» **What you need to do**
Identify all lines of the data containing the string "Jewelry" and copy them.

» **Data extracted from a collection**
========================

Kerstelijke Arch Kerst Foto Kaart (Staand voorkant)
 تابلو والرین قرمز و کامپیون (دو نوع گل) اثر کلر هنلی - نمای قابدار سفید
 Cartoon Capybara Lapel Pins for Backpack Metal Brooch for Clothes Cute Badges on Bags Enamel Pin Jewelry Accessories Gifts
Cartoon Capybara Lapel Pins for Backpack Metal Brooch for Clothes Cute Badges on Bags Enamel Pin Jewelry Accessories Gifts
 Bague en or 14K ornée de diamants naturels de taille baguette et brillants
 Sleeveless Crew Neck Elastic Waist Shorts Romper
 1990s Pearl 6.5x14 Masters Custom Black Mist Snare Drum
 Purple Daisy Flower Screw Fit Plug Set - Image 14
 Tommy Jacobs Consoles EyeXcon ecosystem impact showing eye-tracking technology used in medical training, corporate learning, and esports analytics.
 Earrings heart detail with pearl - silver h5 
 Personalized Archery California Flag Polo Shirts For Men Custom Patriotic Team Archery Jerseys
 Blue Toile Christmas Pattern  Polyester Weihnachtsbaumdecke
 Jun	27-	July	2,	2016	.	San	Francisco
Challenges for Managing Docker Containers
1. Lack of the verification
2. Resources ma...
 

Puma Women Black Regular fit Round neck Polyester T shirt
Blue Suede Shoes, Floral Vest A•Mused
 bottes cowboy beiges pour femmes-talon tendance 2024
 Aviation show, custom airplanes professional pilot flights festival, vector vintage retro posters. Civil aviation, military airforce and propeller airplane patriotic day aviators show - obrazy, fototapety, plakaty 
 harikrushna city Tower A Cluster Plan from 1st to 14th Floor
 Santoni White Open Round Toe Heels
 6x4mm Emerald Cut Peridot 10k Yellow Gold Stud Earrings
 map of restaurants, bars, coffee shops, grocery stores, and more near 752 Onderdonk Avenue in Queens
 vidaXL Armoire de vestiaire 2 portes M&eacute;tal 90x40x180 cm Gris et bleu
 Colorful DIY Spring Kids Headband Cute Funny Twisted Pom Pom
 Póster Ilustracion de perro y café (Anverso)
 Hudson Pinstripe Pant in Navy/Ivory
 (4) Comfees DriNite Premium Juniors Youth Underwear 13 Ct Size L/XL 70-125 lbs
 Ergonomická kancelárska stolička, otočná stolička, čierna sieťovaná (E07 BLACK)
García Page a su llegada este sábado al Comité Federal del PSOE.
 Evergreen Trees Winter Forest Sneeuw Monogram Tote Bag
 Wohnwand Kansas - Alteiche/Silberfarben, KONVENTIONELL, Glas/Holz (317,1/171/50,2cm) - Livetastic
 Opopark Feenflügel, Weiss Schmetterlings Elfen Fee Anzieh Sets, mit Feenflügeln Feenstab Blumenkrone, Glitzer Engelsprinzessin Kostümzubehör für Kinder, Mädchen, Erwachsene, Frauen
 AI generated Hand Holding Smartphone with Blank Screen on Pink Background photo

========================

» **Expected answer**
 Cartoon Capybara Lapel Pins for Backpack Metal Brooch for Clothes Cute Badges on Bags Enamel Pin Jewelry Accessories Gifts
Cartoon Capybara Lapel Pins for Backpack Metal Brooch for Clothes Cute Badges on Bags Enamel Pin Jewelry Accessories Gifts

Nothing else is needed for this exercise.